- _REQUIRED ACTION_:
Output all of the data below without changing a word, and exclude the pictures.

- _RECORDS FOR THE TASK_:
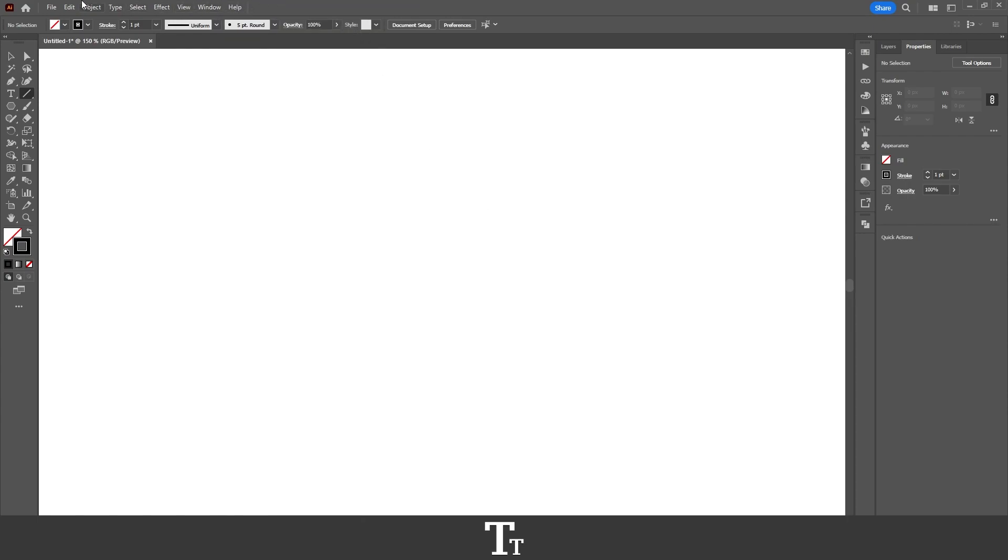You can also use the control bar instead if you'd like. Go over to the stroke right here, and let's change the stroke weight so we can see it better. Let's set this to 10 points.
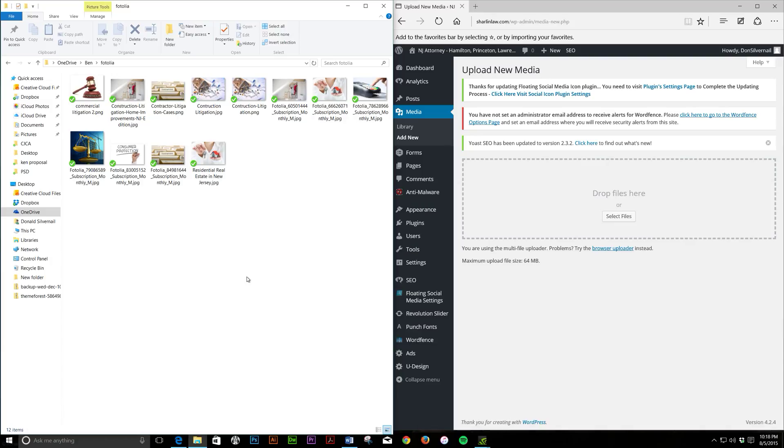Today I'm doing a blog post for a lawyer who works with commercial litigation, and I needed a feature image.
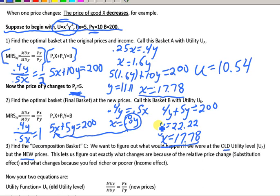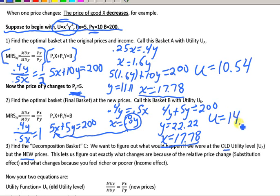Now let's see how much utility we get by plugging these values into the utility function: 17.78 raised to the 0.4 times 22.22 raised to the 0.5 equals approximately 14.91 utils. So the price of y went down, we bought the same amount of x, we bought more y, and our utility went up.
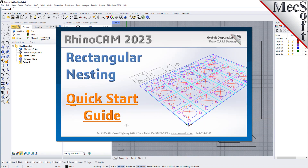Welcome to the RhinoCam Quick Start tutorial series, brought to you by Mechsoft. Today we'll be demonstrating rectangular nesting.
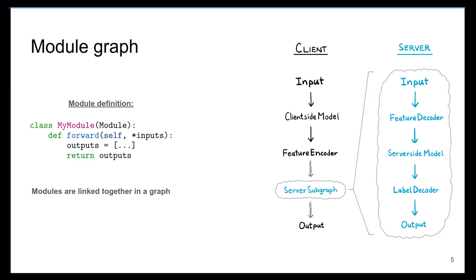On the right, we see an example of a collaborative intelligence graph. This graph is formed by linking together various modules. Just like in PyTorch, users can declare their own custom modules by inheriting from the module class and overwriting the forward method.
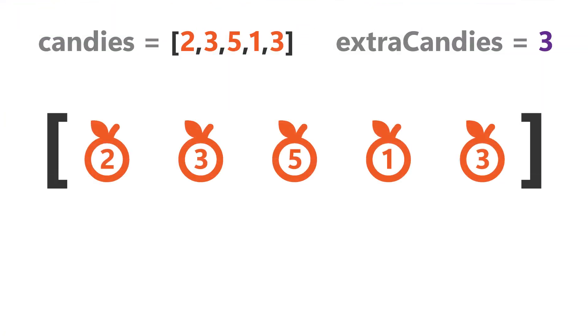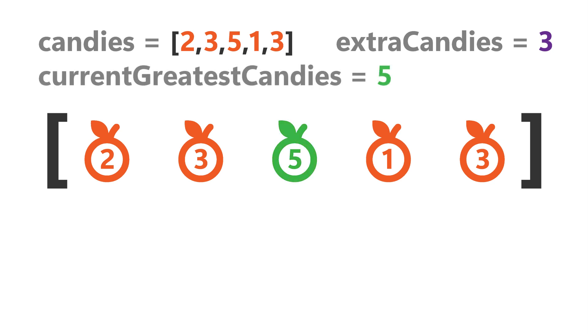From the given array of candies, we will first find out the greatest number of candies kids are having currently, which in this case is 5.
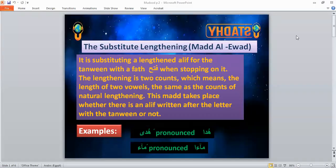As-salamu alaykum wa rahmatullahi wa barakatuh. May Allah bless you all. Today, insha'Allah, we are going to complete our lesson, which will talk about mudood — the second part of mudood, which is substitute lengthening, or in Arabic, is called madd il-iwad.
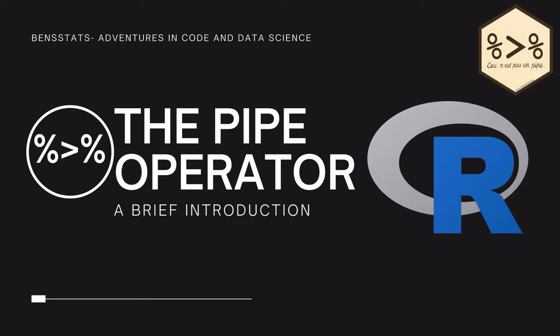What's up everyone, in this video we're going to talk about the pipe operator, what makes it special, and how to use it in your R code. Let's go!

- _ANSWER SECTION_:
You can also use the control bar instead if you'd like. Go over to the stroke right here, and let's change the stroke weight so we can see it better. Let's set this to 10 points.
Today I'm doing a blog post for a lawyer who works with commercial litigation, and I needed a feature image.
Now let's see how much utility we get by plugging these values into the utility function: 17.78 raised to the 0.4 times 22.22 raised to the 0.5 equals approximately 14.91 utils. So the price of y went down, we bought the same amount of x, we bought more y, and our utility went up.
Welcome to the RhinoCam Quick Start tutorial series, brought to you by Mechsoft. Today we'll be demonstrating rectangular nesting.
On the right, we see an example of a collaborative intelligence graph. This graph is formed by linking together various modules. Just like in PyTorch, users can declare their own custom modules by inheriting from the module class and overwriting the forward method.
From the given array of candies, we will first find out the greatest number of candies kids are having currently, which in this case is 5.
As-salamu alaykum wa rahmatullahi wa barakatuh. May Allah bless you all. Today, insha'Allah, we are going to complete our lesson, which will talk about mudood — the second part of mudood, which is substitute lengthening, or in Arabic, is called madd il-iwad.
What's up everyone, in this video we're going to talk about the pipe operator, what makes it special, and how to use it in your R code. Let's go!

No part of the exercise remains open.